Jon Heder drew all of the drawings in the movie except the unicorn.
Having the food plates spell out names in the opening credits was actor Aaron Ruell (Kip)'s idea. The rest of the sequence was designed and executed by Pablo Ferro.
The Cast Show Off: Jon Heder both inverted and played this trope straight: He inverted it as he, an animation school dropout, did all of Napoleon's hideous drawings himself, but played it straight by choreographing Napoleon's big dance.
Dawson Casting: Most of the main cast of high school students were in their 20s or 30s, with the exception of Tina Majorino and Haylie Duff who were both about 18. Averted with the extras, played by actual high school students.
Follow the Leader: After the success of the film, many TV commercials (notably candy commercials for Skittles and Trolli) tried to emulate the film's style by featuring absurd, deadpan humor and realistic-looking kids in late '70s - early '80s clothes.
No Budget: It only took $400,000 to produce and nearly half of that was spent for the post-credits scene; and a fourth of that went into getting the rights to "Canned Heat"
The Red Stapler: You've definitely seen at least one person with the Vote for Pedro shirt by now. It's also easy to sell as a knock-off piece of merch since it's not a difficult thing to make. And yes, you can also buy your very own Rex Kwan Do ensemble, too.
Napoleon's dancing was entirely improvised by Heder... to three different songs. It was cut together from 10 minutes of dancing footage, and they weren't even done shooting since the film ran out in the process.
The scene where Kip is giving the demonstration with the van and the dinnerware. Originally, he was to roll over it, and the plastic would deform but reshape itself, to which Kip was to say, "Pretty cool." However, the plastic was unable to comply due to the laws of physics, and that's what made it into the film.
When we first meet Kip, he's sitting at the computer mumbling a love poem, the words to which weren't in the script - they were said on the spot by actor Aaron Ruell.

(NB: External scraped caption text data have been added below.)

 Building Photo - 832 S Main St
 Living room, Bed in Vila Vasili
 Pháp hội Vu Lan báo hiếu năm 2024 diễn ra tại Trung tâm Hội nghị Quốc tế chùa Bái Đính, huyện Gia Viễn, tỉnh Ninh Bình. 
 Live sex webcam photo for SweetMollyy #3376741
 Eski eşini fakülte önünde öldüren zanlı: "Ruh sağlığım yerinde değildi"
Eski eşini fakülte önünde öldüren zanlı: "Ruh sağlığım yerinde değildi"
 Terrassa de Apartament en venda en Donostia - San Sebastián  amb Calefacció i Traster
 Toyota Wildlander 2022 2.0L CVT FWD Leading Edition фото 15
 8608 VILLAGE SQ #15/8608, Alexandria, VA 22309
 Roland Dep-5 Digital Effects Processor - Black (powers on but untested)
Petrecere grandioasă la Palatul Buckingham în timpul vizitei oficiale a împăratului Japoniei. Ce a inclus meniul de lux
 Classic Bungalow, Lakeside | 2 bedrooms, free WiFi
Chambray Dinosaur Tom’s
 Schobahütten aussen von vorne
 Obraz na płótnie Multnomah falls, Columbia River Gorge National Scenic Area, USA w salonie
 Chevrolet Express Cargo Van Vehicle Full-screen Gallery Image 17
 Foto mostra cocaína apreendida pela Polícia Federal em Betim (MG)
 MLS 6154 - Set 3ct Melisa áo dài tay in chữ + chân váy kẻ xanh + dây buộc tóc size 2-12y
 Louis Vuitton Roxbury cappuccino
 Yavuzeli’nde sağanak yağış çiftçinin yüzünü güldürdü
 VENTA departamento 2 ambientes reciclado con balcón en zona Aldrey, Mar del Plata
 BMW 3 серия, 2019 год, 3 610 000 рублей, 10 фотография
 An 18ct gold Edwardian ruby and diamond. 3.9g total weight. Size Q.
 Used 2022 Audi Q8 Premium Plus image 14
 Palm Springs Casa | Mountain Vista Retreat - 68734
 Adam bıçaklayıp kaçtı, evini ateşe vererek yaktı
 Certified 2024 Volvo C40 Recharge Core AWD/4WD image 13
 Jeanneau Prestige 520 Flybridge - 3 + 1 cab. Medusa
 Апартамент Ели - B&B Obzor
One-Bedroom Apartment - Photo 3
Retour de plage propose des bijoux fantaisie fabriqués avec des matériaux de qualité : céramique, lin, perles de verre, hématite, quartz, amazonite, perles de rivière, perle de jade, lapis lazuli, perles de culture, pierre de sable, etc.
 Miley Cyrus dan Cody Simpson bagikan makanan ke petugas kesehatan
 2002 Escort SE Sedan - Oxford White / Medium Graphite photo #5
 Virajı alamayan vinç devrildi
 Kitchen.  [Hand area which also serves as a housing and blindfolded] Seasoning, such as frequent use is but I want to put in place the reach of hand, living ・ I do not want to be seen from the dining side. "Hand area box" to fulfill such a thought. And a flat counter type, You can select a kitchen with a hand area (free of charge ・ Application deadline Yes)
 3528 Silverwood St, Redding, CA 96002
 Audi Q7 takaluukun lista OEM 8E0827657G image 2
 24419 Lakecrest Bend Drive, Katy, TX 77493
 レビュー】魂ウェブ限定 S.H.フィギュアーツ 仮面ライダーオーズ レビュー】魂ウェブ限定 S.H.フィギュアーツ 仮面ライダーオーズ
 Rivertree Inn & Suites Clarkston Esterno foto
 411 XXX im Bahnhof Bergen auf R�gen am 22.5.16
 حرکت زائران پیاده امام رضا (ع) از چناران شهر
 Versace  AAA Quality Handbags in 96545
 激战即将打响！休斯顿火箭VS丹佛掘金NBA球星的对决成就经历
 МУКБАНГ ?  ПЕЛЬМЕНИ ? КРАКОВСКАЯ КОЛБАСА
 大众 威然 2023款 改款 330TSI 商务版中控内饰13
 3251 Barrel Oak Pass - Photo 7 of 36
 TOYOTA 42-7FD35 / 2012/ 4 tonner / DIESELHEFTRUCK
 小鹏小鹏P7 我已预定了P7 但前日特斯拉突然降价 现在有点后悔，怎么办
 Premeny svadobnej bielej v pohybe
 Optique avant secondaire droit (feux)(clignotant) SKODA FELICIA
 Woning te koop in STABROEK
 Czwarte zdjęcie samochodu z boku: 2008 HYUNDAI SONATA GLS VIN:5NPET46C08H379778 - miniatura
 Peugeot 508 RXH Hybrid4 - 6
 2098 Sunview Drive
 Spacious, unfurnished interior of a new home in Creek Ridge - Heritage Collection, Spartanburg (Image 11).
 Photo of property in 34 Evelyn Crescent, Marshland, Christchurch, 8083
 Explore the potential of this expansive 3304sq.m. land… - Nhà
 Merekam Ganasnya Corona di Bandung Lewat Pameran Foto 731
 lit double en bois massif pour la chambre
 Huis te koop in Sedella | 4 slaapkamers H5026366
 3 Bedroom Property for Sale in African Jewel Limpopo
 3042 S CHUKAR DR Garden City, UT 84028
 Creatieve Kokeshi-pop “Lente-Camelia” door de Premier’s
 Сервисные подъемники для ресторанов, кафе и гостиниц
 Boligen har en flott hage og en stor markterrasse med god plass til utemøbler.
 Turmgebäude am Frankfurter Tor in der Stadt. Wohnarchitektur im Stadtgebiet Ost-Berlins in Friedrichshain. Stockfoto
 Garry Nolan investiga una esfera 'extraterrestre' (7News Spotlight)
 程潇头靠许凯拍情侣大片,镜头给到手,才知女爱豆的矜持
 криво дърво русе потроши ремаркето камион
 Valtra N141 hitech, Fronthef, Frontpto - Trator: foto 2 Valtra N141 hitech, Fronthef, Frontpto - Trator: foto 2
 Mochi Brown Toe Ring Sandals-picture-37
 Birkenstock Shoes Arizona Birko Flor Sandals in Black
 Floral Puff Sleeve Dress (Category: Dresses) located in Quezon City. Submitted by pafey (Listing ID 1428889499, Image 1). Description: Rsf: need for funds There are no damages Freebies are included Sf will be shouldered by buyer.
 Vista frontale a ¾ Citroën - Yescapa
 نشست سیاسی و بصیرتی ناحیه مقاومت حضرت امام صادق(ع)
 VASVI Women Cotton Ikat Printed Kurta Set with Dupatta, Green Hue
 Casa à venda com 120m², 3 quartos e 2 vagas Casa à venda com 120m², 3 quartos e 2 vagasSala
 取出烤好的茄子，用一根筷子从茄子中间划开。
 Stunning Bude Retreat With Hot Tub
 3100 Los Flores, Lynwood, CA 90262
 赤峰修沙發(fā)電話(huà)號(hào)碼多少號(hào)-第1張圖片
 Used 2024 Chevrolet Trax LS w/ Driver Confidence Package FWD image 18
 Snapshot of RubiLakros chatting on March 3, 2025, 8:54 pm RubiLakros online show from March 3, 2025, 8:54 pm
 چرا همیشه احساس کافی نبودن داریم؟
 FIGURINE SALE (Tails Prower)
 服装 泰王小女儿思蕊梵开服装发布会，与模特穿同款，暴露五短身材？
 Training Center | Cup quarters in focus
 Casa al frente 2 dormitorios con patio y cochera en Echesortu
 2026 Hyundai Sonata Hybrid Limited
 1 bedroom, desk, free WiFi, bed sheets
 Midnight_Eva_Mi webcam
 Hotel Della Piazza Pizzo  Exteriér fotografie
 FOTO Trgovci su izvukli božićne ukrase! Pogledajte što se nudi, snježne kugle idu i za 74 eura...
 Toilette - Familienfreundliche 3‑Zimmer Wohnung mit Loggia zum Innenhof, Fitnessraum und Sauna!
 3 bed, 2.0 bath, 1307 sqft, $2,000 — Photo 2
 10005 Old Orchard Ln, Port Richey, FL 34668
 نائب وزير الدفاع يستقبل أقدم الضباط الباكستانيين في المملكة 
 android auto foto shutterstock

Unintentional Period Piece: The film immediately dates itself at the start by setting the year as 2004-2005, but the film's aesthetic more resembles the 1980s, with only one song from the 2000s at the end. When asked what time period the film takes place in, Jared Hess replied "Idaho." Most assumed that this was a case of Teasing Creator, but it was his way of explaining just how behind the times the state is. Many who visited Idaho after the film came out were quick to note how little the creators exaggerated its distance from the pulse of the rest of society.
Word of God: According to the DVD Commentary, the woman riding her bike to Uncle Rico's van at the end is supposed to be his ex (the credits identify her only as "Woman on Bike"), and their break-up is the biggest reason why he seems so unhinged.
Write What You Know: Jared and Jerusha Hess are from a small Mormon community in Idaho, and many of the events are from their own life, such as the cow shooting scene, the "Happy Hands" club, the brothers slapping each other, the "I like your sleeves" line...
Executive Meddling: The entire reason the series exists. It was created solely as filler for when Family Guy was in its off-season. Not surprisingly, the ratings weren't good enough to justify a second season.
Role Reprise: Practically the entire cast of the movie voices their respective roles in the show, except for Trevor Snarr, who originally played Don, and Carmen Brady, who played Starla. Both are instead voiced by producer Jared Hess. Yes, that means he plays a woman in the show.
Screwed by the Network: Fox pretty much had no fate in the show, as they frequently put the show in time slots where it was usually preempted by football games, which quickly resulted in low ratings and the series was cancelled by the network after just six episodes.